| What is required |
Word for word, give the data again without its pictures.

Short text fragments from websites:
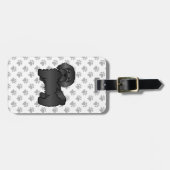 Niedlicher schwarz-havanesischer Cartoon-Dog und b Gepäckanhänger (Vorderseite horizontal)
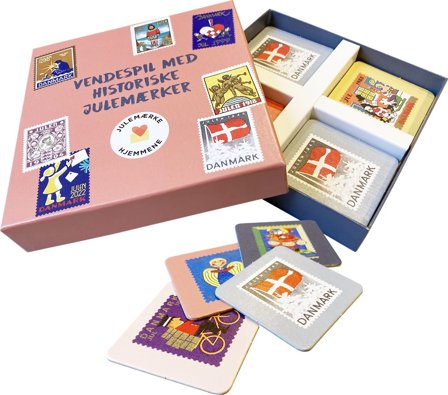 Vendespil med Danmark julemærker - Mandelgaveidé, værtindegave, julegave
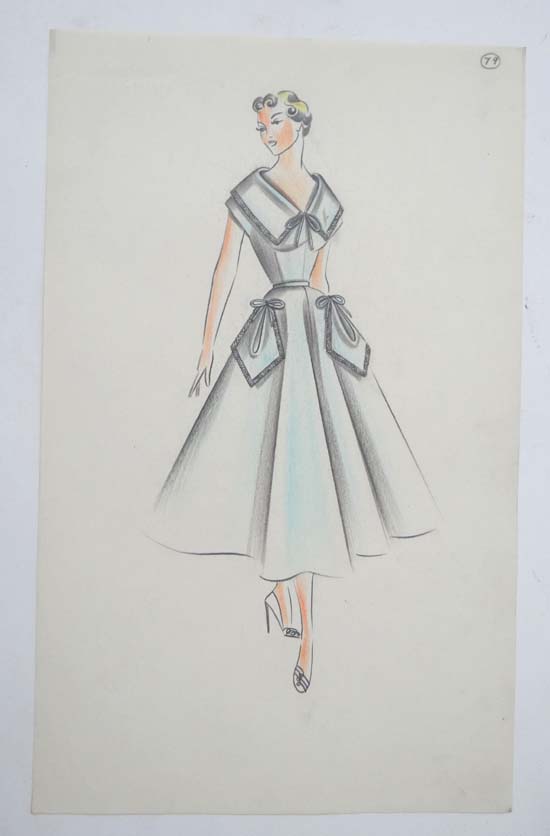 Fashion Designs,
Miss M Landman circa 1954 vintage Zara Fashion Designs,
Pencils on paper,
Dress '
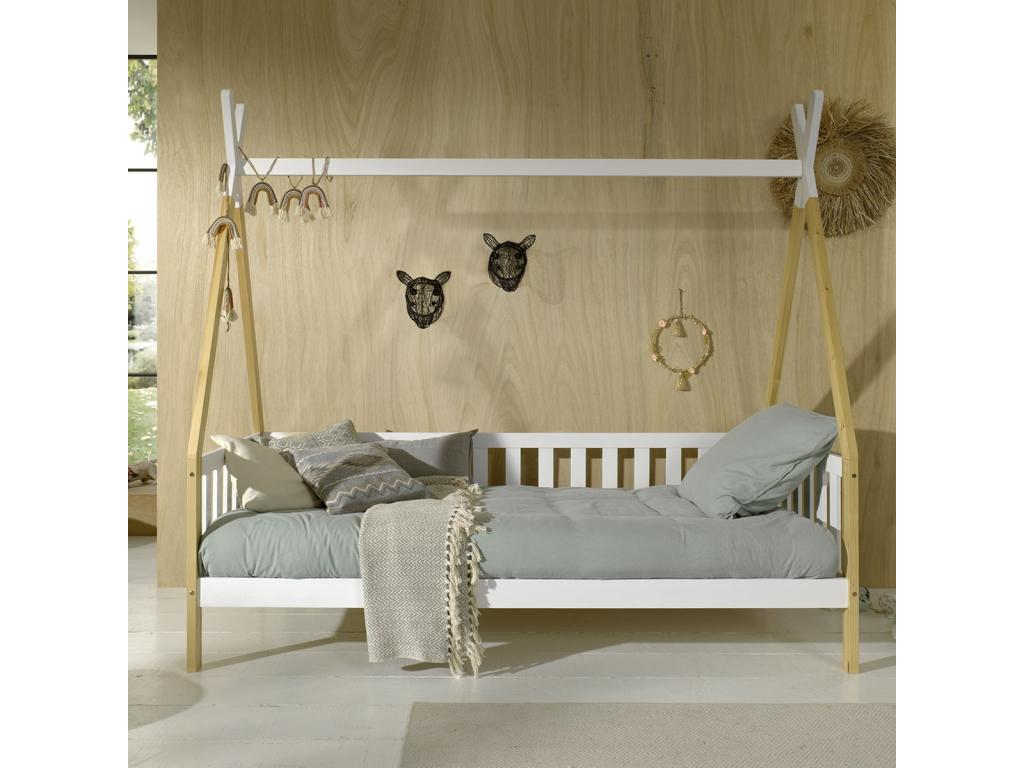 Letto in legno di pino bianco, 90 x 200 cm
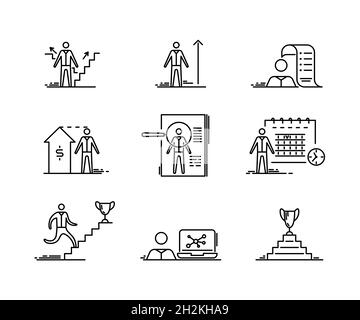 Symbole mit dünnen Linien eingestellt. Business People Development Growth Headhunting Finance und Startup Outline Vector Symbol. Stock Vektor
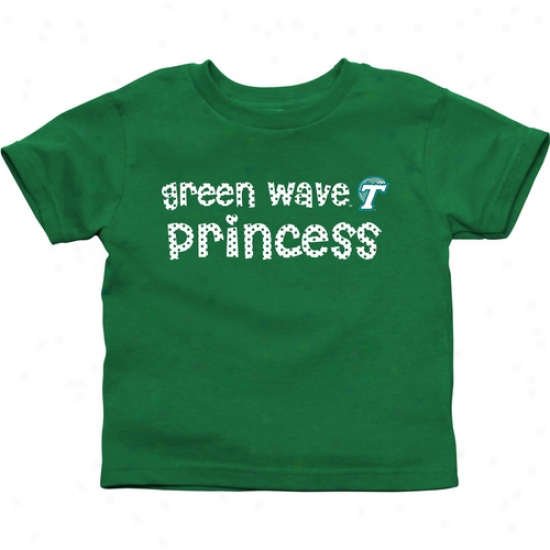 Tulane New Wave Toddler Princess T-shirt - Green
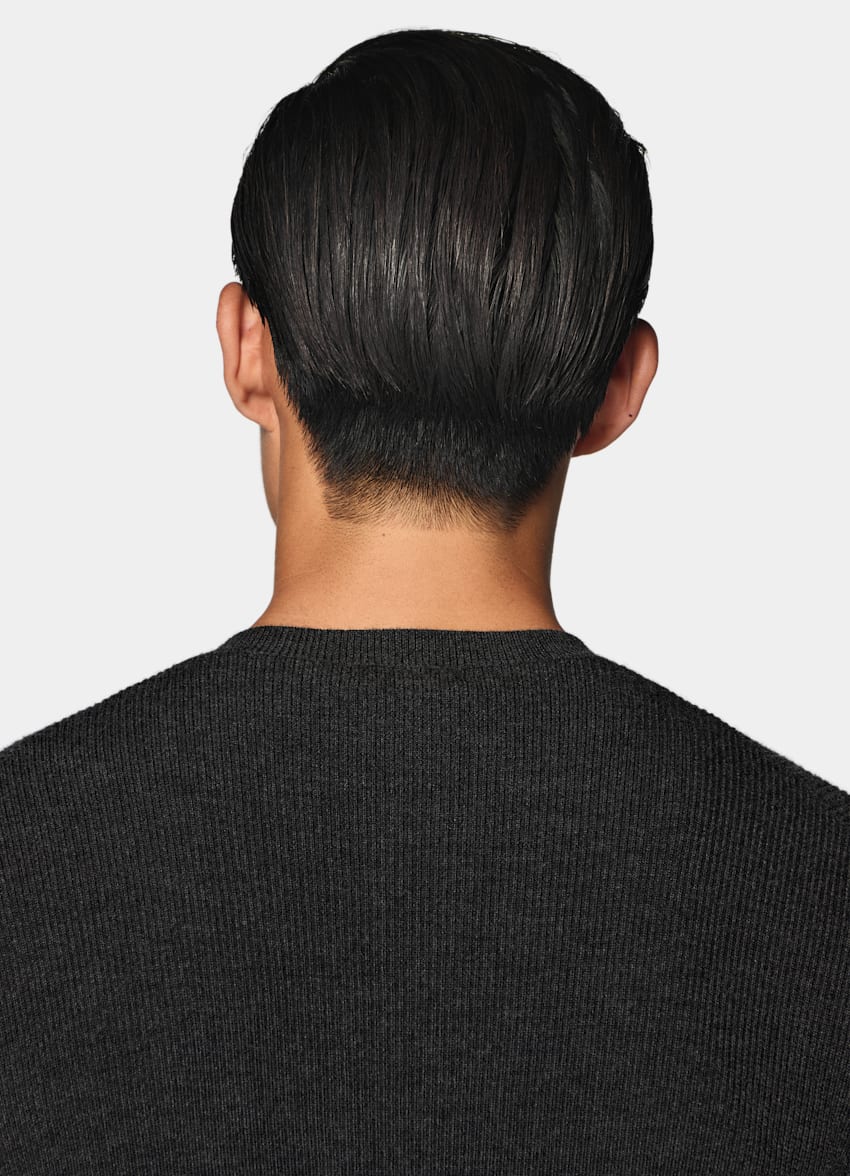 SUITSUPPLY Puur wol Donkergrijze Geribde Cardigan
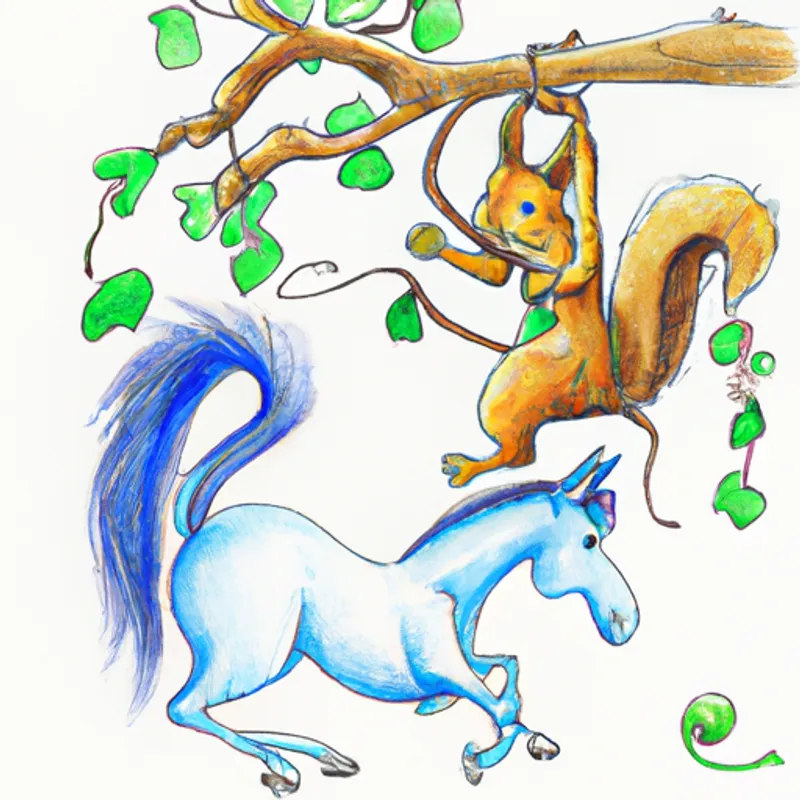 A whimsical blue horse with a bright and cheerful personality. and A mischievous squirrel with a playful nature. the squirrel swing from vines with laughter.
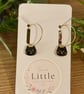 Black Cat Face Hoop Earrings, Enamel Charms, Handmade Jewellery  - Image 7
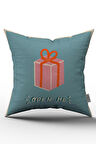 Mavi Yılbaşı  Temalı Kırlent Yastık Kılıfı - CGH212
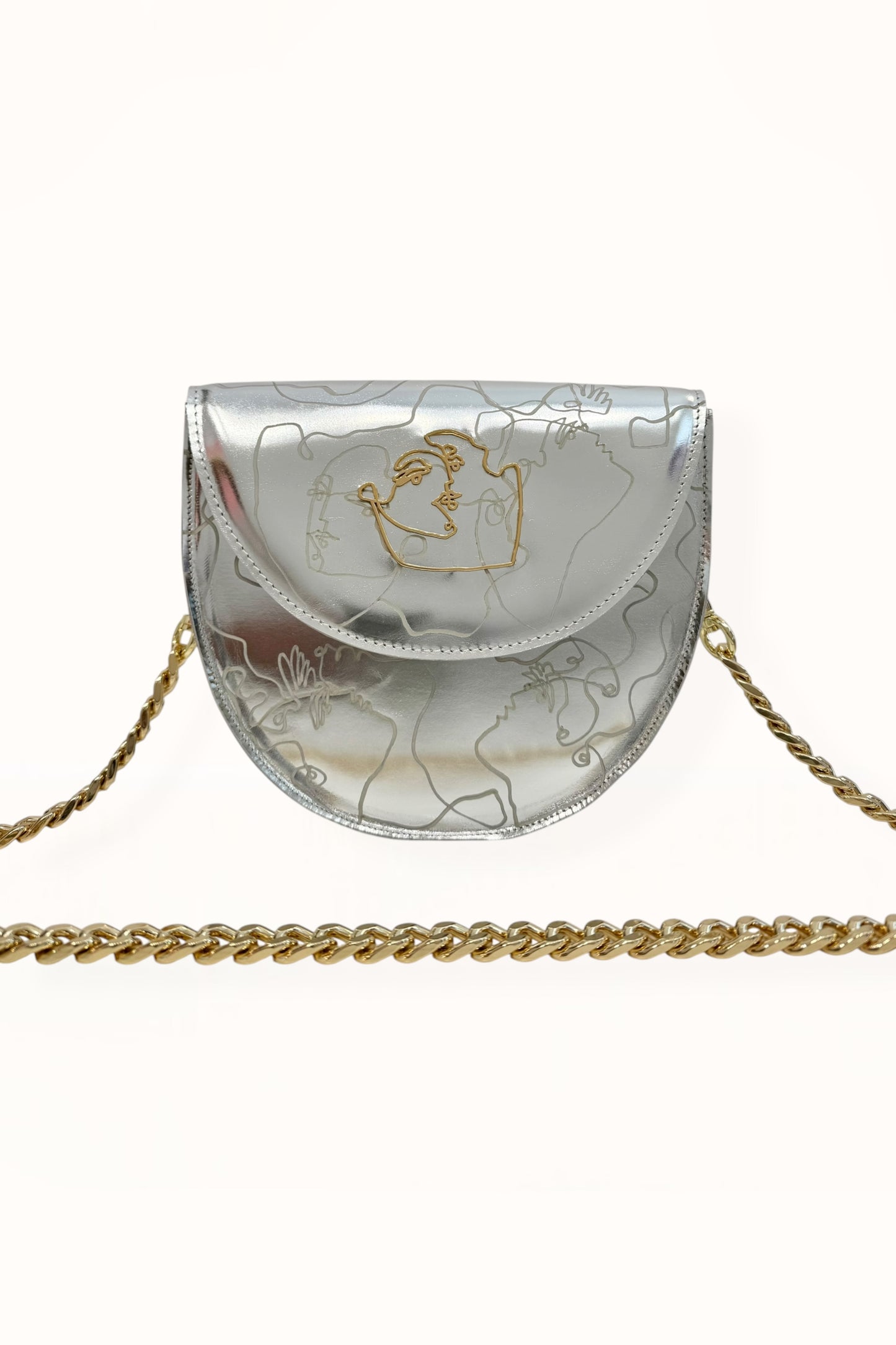 DORIS BAG - SILVER MIRROR LEATHER w. UNIQUE DRAWING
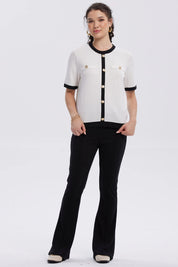 Sweater Mujer Abotonado Crudo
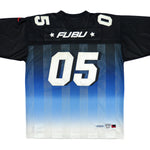 FUBU - Black & Blue Spell-Out Jersey 1990s Large Vintage Retro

| Result |
 Niedlicher schwarz-havanesischer Cartoon-Dog und b Gepäckanhänger (Vorderseite horizontal)
 Vendespil med Danmark julemærker - Mandelgaveidé, værtindegave, julegave
 Fashion Designs,
Miss M Landman circa 1954 vintage Zara Fashion Designs,
Pencils on paper,
Dress '
 Letto in legno di pino bianco, 90 x 200 cm
 Symbole mit dünnen Linien eingestellt. Business People Development Growth Headhunting Finance und Startup Outline Vector Symbol. Stock Vektor
 Tulane New Wave Toddler Princess T-shirt - Green
 SUITSUPPLY Puur wol Donkergrijze Geribde Cardigan
 A whimsical blue horse with a bright and cheerful personality. and A mischievous squirrel with a playful nature. the squirrel swing from vines with laughter.
 Black Cat Face Hoop Earrings, Enamel Charms, Handmade Jewellery  - Image 7
 Mavi Yılbaşı  Temalı Kırlent Yastık Kılıfı - CGH212
 DORIS BAG - SILVER MIRROR LEATHER w. UNIQUE DRAWING
 Sweater Mujer Abotonado Crudo
 FUBU - Black & Blue Spell-Out Jersey 1990s Large Vintage Retro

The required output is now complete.